Wednesday, April 7, 2010

Freud (1962)



director: John Huston

This biopic focuses on some of the events between 1885 and 1890 from, as the title says, Freud’s life. The personal perspective and the expressionist focus on characters and their well-documented dreams are violently contradicted by the opening and ending parts that are narrated by the director in the most positivist/scientific manner. Freud (Montgomery Clift) becomes just another case of a great dead man, a scientific genius in the line of Copernicus and Darwin.
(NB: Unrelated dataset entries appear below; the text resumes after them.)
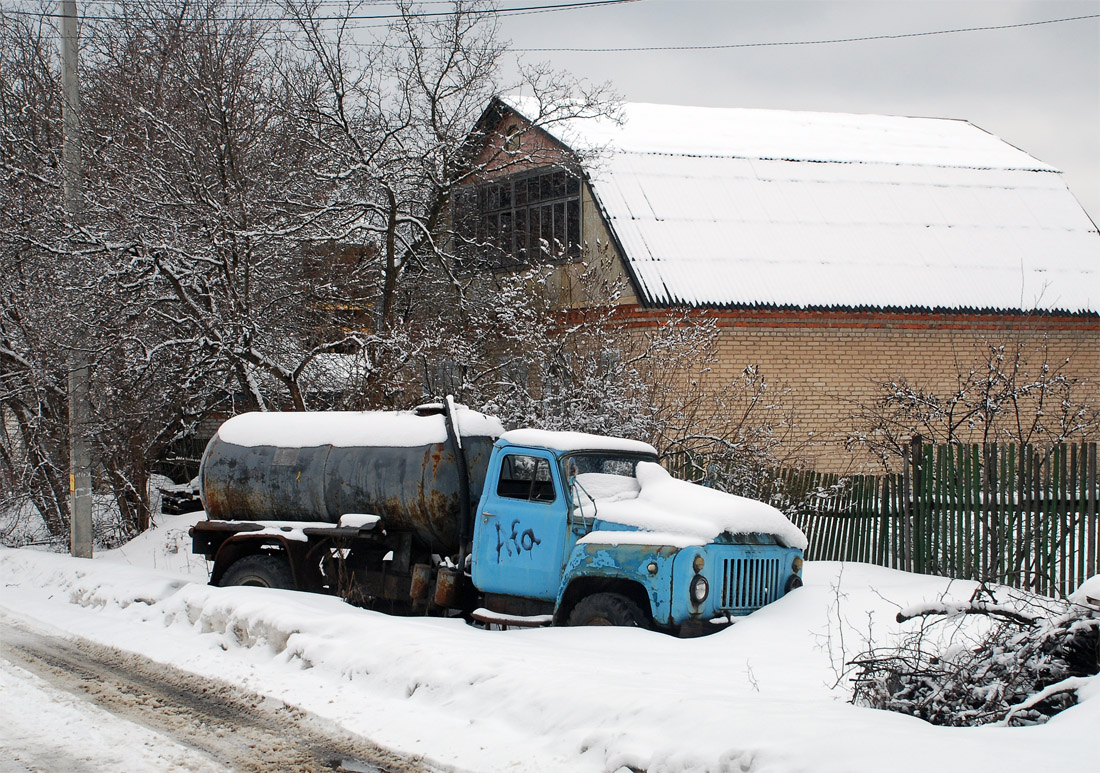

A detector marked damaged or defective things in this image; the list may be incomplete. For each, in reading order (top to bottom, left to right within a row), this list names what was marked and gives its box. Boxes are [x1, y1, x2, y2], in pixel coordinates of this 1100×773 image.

rusty tank surface [199, 404, 503, 556]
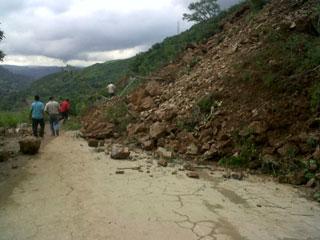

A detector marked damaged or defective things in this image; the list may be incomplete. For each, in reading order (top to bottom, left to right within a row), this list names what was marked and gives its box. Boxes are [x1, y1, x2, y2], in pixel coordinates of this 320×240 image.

cracked road [0, 132, 320, 239]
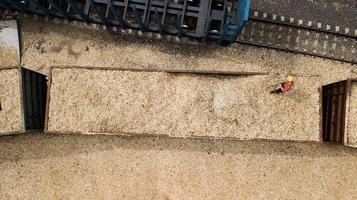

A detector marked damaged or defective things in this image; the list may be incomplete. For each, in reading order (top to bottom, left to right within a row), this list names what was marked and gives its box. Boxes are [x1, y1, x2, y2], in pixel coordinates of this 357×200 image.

rusted metal panel [322, 80, 346, 143]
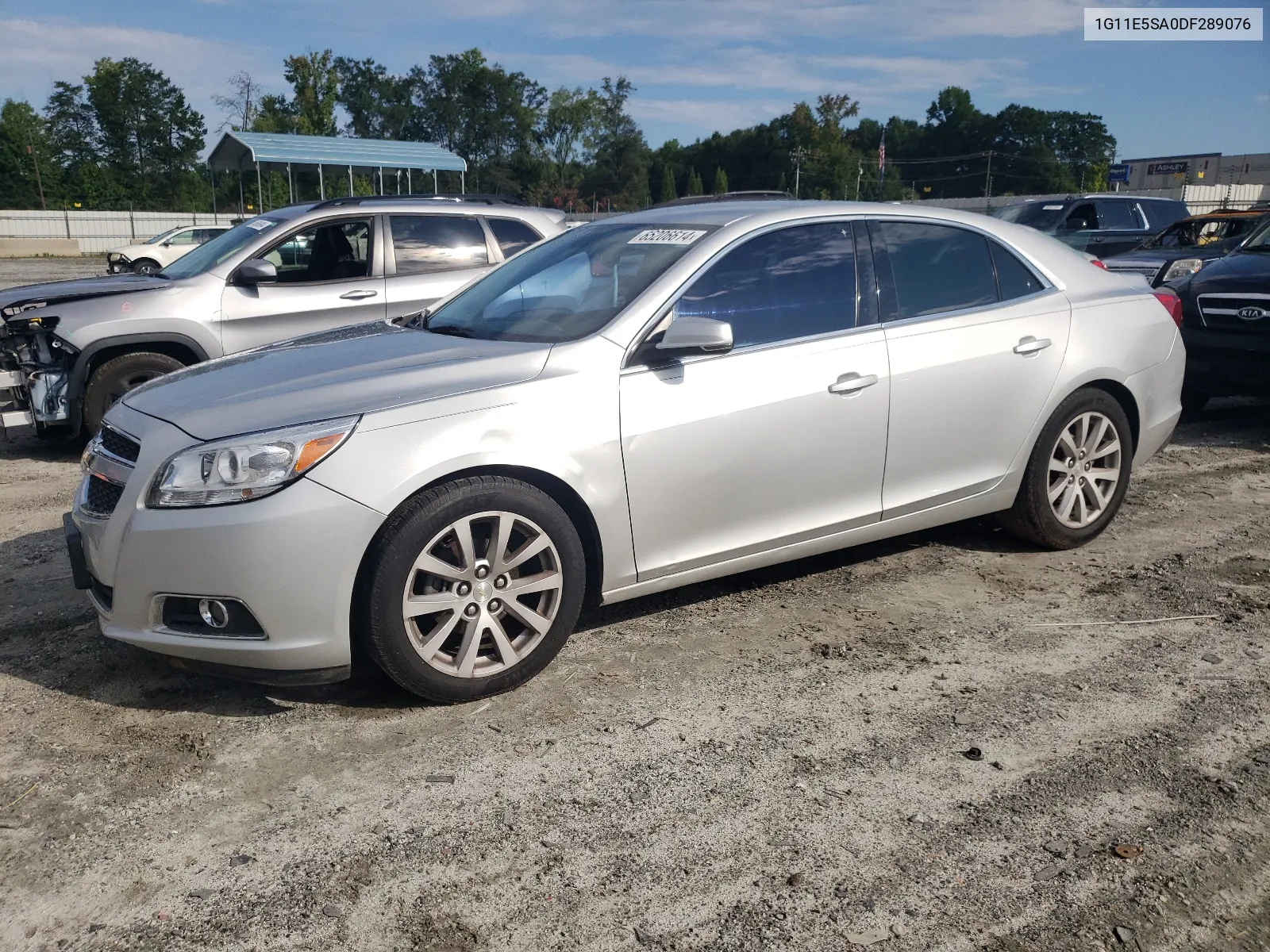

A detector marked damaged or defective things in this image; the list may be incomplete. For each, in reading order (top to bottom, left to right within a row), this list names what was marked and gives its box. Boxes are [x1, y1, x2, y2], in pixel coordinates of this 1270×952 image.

damaged vehicle [0, 201, 565, 438]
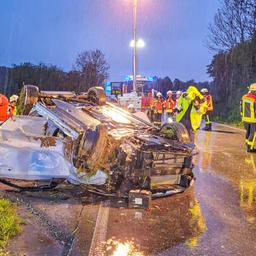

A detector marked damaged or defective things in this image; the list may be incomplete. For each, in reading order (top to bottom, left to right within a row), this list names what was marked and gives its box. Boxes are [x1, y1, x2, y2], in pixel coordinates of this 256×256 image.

overturned car [0, 85, 194, 199]
destroyed vehicle [0, 85, 195, 197]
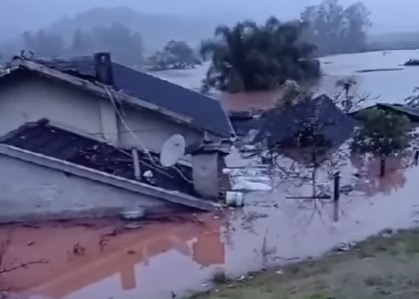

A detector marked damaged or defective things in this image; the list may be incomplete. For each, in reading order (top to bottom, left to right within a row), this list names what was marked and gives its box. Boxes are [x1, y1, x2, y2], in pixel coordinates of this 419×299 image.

damaged structure [0, 53, 236, 223]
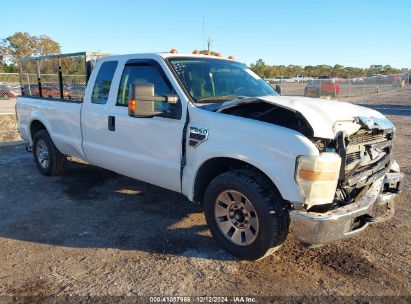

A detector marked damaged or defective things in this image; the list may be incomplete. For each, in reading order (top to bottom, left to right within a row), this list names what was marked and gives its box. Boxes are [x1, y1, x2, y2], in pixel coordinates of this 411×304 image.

damaged front bumper [292, 170, 404, 246]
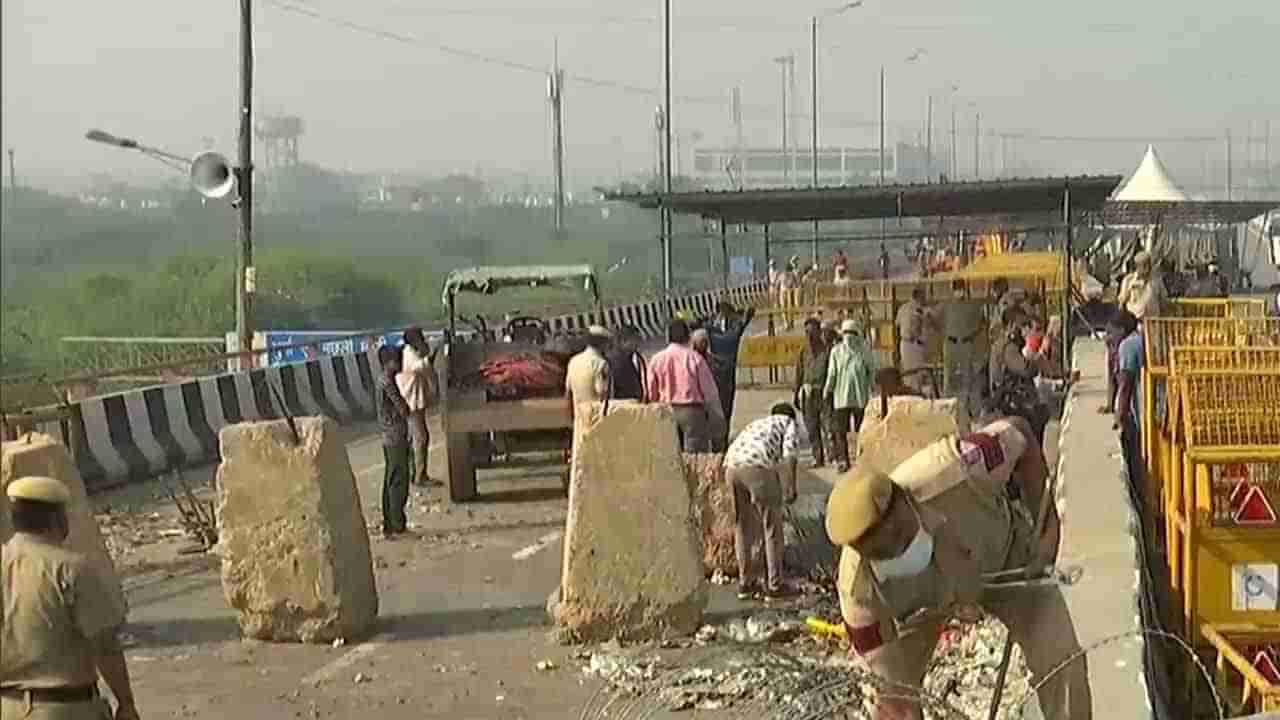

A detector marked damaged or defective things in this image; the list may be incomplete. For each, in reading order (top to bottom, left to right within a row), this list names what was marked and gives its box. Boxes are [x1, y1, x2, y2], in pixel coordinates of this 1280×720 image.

broken concrete slab [0, 427, 126, 614]
broken concrete slab [212, 415, 373, 638]
broken concrete slab [552, 399, 706, 640]
broken concrete slab [680, 453, 742, 576]
broken concrete slab [849, 392, 967, 476]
In that sense the whole story moves towards the discovery of the Oedipus complex (revealed in the last part of the movie).
Male hysteria or in Freud’s own term, little hysteria, becomes a major theme of this movie and the dramatic engine in the search of an over-arching theory to cure his patient and his own painful neuroses.
Besides the cinematic portraits of Freud, Breuer (Larry Parks) or Viennese physicians, the exploration of Charcot’s persona is one of my personal delights in this movie. Charcot (Fernand Ledoux) and his practice with hysterics (male and female), hypnosis and celebrity are depicted in the way that I imagined the whole business by reading tons of literature on this phenomenon. Freud’s role as PhD student under Charcot’s supervision is explored in a delicate and faithful manner in relation to the written materials on the subject.
Freud's therapy with Cecily Koertner (Susannah York) represents the discovery of the talking cure with its free associations and hilarious “Freudian slips” and also “the cure” for male hysteria in the sense of abandoning it and Freud becoming a father of a major theory. The focus falls on a scientific/ not-fully-embodied discovery of the Oedipus complex and the martyrization of the individual rational scientist in the face of a retrograde society that denies progress. No indication of Viennese anti-Semitism or scholarly masculinism. Freud’s struggle with the Viennese society becomes an individualist fight for novelty and innovation. In this sense, John Huston’s movie is an ode to modernism in scientific discourse.
The cinematic language follows the film noir/expressionist aesthetics and gets mixed very well with the accurate theoretical/psychoanalytical language. What I particularly liked about it was the lack of fear in dealing with theory. There are some complicated ideas out there that you would never hear in more recent biopics, but Charles Kaufman managed to squeeze them in the script (or better say Jean-Paul Sartre, who’s name disappeared from the project after his second draft was considered too long). Surprisingly the narration works better this way. The story becomes more engaging, this is one of the few theoretical thrillers that I have seen.
At the level of acting-directing, Montgomery Clift was under a lot of pressure on the set: the director used the Freudian setting for outing his main actor, emphasizing the repression part (as a direct connection to him being gay) while filming and provoking Monty to speak about his sexuality. No wonder Monty tried to avoid this movie or any contact with its director, to the point of being sued by Universal for the delay of the production.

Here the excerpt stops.